Brief descriptive captions ::
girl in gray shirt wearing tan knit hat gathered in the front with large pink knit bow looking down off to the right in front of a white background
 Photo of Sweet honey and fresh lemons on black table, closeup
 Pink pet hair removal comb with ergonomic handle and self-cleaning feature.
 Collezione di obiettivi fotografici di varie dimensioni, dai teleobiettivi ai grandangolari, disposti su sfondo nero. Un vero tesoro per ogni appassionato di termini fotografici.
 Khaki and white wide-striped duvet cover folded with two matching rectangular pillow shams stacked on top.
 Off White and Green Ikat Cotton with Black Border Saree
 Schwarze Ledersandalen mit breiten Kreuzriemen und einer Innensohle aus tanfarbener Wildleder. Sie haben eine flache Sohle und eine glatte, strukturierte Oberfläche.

YOUR OBJECTIVE :: The answer to this exercise is one number: how many lines of the records above contain the string "with".

EXERCISE RESPONSE :: 4